If a job is building software, companies will attempt to create more objective measures of the size of a project (story points, t-shirt sizing, etc) so that teams can be measured more objectively about how fast they're building. These are more objective than a finger in the wind, but not all story points end up being equal.

These are better proxies, but there are no perfect proxies (the map is not the territory).

Every company is a meritocracy

For those who directly attempt to build a meritocracy based on performance, their systems will always be imperfect. At least they're defining merit and rewarding it.

Others say they are a meritocracy, but if you dig deeper, they don't reward performance in any meaningful way. These organizations are still rewarding people based on something (loyalty, likeability, political savvy). That something is the company's definition of merit.

Even organizations that don't claim to be meritocracies will have systems for rewarding people. Whatever that system is will reveal that organization's definition of merit.

Only an organization that randomly assigns rewards can truly be a non-meritocracy.

Fixing meritocracies

There will always be extreme views on this subject. But in my experience, most people are in the middle. After some discussion, most folks will admit they favor meritocracies if they can be implemented well. (big "if" for some folks)

Here's how I've seen meritocracies work in real life.

Define the organization's goals

Is the goal to change the world? To build passive income for the founders so they can retire? To build something cool?

An honest assessment of the organization's goal dictates what incentives align employees with owners. Being dishonest about the true goals often leads to owners defining merit differently in word than in deed.

Be honest about what's directly measurable

Not every role will have it's performance be directly measurable. Measure directly what you can within a role, and be honest about the parts where you can't.

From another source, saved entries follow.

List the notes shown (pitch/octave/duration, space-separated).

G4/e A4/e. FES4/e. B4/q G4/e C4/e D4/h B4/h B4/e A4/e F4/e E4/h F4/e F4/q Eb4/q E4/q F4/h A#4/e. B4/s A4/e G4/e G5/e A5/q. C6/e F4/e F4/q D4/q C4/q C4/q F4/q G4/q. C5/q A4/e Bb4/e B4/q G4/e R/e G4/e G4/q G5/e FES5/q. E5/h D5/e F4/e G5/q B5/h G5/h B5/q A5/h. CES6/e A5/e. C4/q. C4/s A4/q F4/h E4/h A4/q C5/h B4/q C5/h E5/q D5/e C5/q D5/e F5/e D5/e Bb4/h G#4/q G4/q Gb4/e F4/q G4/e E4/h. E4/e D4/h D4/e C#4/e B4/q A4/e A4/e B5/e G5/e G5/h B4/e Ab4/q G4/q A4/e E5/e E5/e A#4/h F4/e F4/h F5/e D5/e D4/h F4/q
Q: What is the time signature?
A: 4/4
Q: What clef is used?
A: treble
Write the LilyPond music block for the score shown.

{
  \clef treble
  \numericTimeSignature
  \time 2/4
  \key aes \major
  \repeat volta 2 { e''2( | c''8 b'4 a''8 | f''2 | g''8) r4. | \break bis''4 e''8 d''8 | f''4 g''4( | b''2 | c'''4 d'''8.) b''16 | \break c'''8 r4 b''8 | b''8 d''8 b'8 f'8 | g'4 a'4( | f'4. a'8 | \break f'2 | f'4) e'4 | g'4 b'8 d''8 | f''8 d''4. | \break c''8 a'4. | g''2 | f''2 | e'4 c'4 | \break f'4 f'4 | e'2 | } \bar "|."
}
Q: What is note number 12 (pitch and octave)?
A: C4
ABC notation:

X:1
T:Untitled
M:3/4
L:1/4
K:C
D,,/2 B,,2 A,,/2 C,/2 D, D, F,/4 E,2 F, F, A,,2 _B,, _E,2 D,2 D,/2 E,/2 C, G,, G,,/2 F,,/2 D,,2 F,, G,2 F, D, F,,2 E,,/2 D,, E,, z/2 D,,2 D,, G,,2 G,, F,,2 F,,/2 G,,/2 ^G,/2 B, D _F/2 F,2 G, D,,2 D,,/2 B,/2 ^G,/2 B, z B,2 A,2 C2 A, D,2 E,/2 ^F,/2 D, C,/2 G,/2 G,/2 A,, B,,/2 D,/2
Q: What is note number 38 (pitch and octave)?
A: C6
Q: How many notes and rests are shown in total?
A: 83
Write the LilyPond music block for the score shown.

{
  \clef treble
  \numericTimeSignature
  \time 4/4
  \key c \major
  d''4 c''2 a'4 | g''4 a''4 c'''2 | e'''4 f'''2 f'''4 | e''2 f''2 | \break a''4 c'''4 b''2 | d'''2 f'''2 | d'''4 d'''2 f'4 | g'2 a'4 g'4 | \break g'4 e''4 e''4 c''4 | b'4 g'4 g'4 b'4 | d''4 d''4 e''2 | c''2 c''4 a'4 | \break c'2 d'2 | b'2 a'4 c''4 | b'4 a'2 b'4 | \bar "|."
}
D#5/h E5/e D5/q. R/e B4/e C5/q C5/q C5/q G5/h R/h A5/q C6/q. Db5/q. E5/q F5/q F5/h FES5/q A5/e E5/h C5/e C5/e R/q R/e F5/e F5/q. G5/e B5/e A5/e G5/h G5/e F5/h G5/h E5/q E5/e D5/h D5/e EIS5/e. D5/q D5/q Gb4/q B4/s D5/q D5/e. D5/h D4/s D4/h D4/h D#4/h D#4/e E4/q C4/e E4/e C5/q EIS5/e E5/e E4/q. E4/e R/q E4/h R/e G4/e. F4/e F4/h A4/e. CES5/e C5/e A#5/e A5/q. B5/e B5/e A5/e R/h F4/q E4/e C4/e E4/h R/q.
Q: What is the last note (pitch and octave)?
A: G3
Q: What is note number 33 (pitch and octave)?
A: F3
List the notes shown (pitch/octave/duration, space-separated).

It's ok to call that out with the team: The organization will attempt to measure performance as objectively as possible, and it won't work perfectly the first time (or maybe ever).

Decide how you'll measure performance when it's subjective

The hardest exercise will be for leaders to define performance metrics when performance is more subjective. Take the time to think through metrics that are as objective as possible while not losing the nuance of each role.

Take the time to think through the second-order incentives of measuring performance with just those metrics. Is there a way to game the system with these metrics? Can we prevent or detect that behavior?

Be explicit and abide by the metrics

To run a company as a meritocracy, you first must define merit for every role. Next, you must be explicit. Without being explicit, employees will be unlikely to guess the right behavior on their own.

For meritocracies, the rubber meets the road when it's time to reward performance based on the agreed-upon metrics. If the metrics are telling you that the performance of a person or team doesn't line up with your intuition on their performance, there are two reasons:

  1. The metrics are doing their job of overriding subjectivity when objectivity is possible.
  2. The metrics need adjustment.

Usually, it's both, but it's disastrous not to abide by the metrics when rewarding performance. That'll teach people that metrics aren't the true system for measuring performance. At the same time, incorrect metrics must be re-evaluated and updated going forward.

Re-evaluate and admit mistakes

The metrics will always be wrong; they will always need adjustment. The key is adjusting them after each cycle, not as you decide on rewards.

Adjust the metrics and be honest that they will always need adjustment, and they're getting better over time. If you've hired well, this practice will build trust in the organization. People will want to work with the leadership team to improve the metrics so they're better going forward.

Don't give up

If every organization is a meritocracy that measures merit in some way, it might as well try to build a system that rewards merit in a way that's fair and helps the organization achieve its goals. It's hard, but it's worth it.